-- Opening Marker --
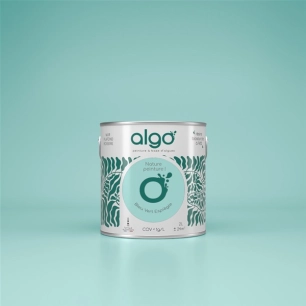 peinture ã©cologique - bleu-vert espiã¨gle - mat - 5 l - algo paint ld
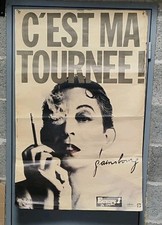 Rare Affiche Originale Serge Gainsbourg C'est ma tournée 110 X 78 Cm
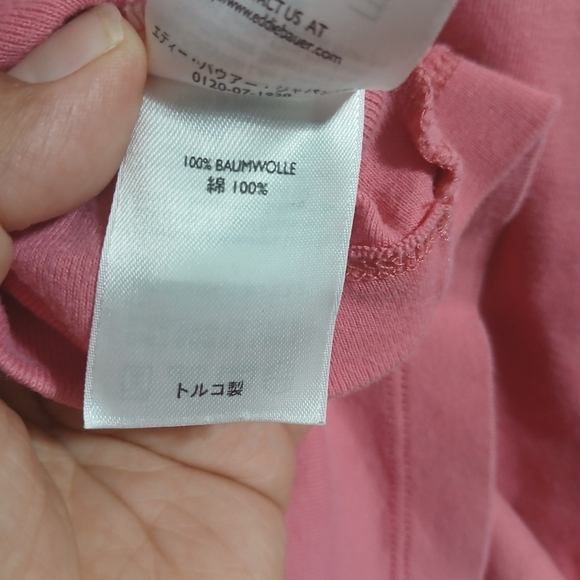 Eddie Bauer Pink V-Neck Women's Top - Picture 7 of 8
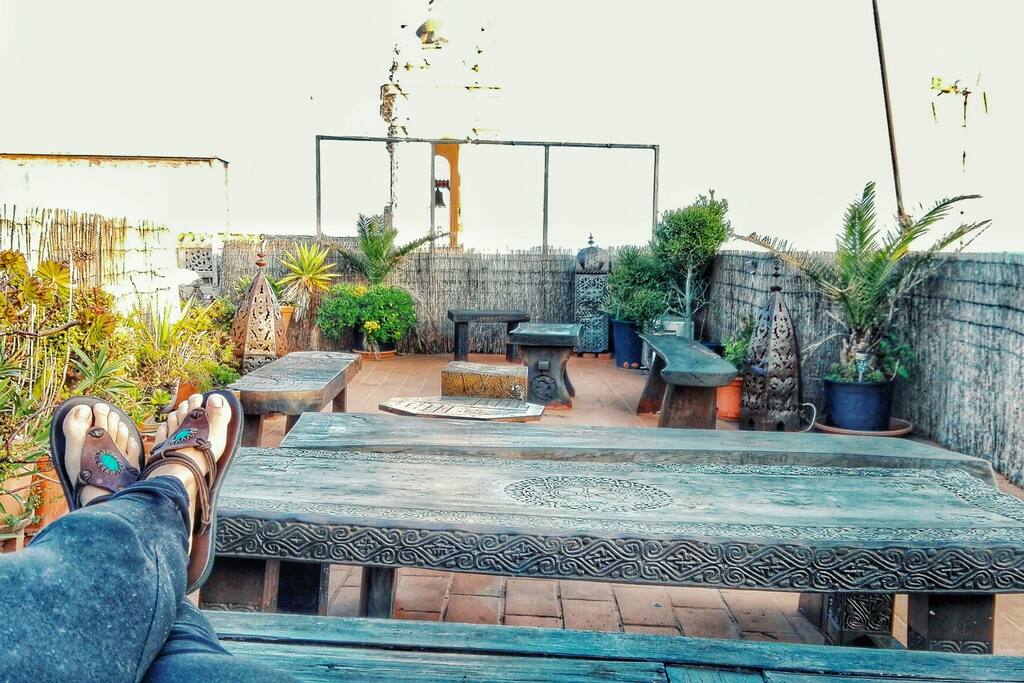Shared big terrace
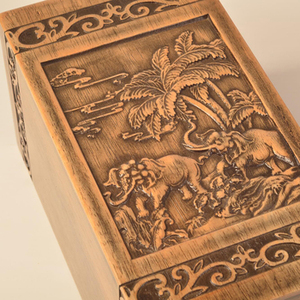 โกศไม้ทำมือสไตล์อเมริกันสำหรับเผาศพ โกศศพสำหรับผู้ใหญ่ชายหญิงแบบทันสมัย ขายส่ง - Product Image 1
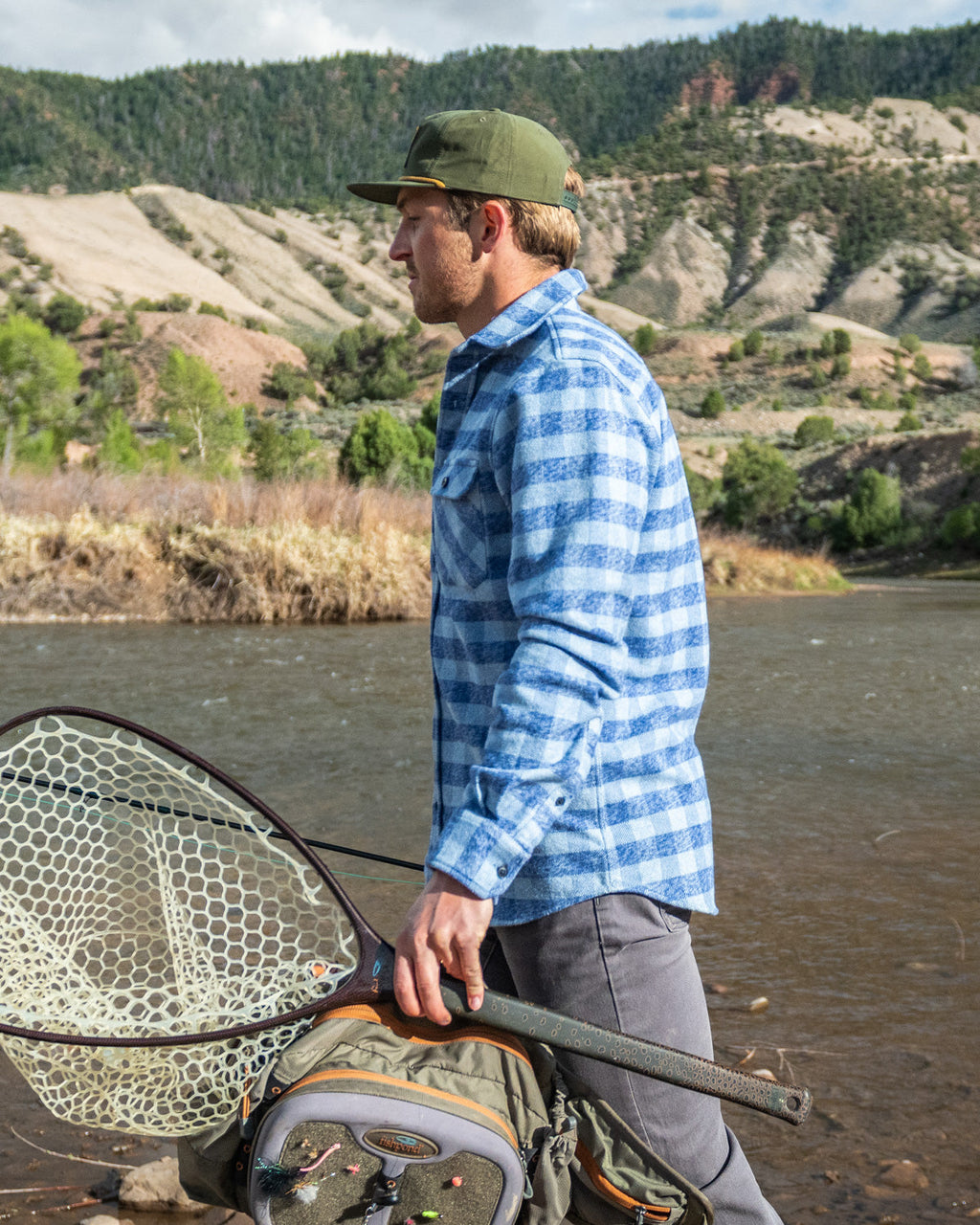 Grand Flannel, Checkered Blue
-- Closing Marker --
- _WHAT TO PRODUCE_:
An exact copy is needed of every line from the one holding "Shared big terrace" to the end of the entries above, both ends kept and each picture dropped.

- _RESULT OF THIS TASK_:
Shared big terrace
 โกศไม้ทำมือสไตล์อเมริกันสำหรับเผาศพ โกศศพสำหรับผู้ใหญ่ชายหญิงแบบทันสมัย ขายส่ง - Product Image 1
 Grand Flannel, Checkered Blue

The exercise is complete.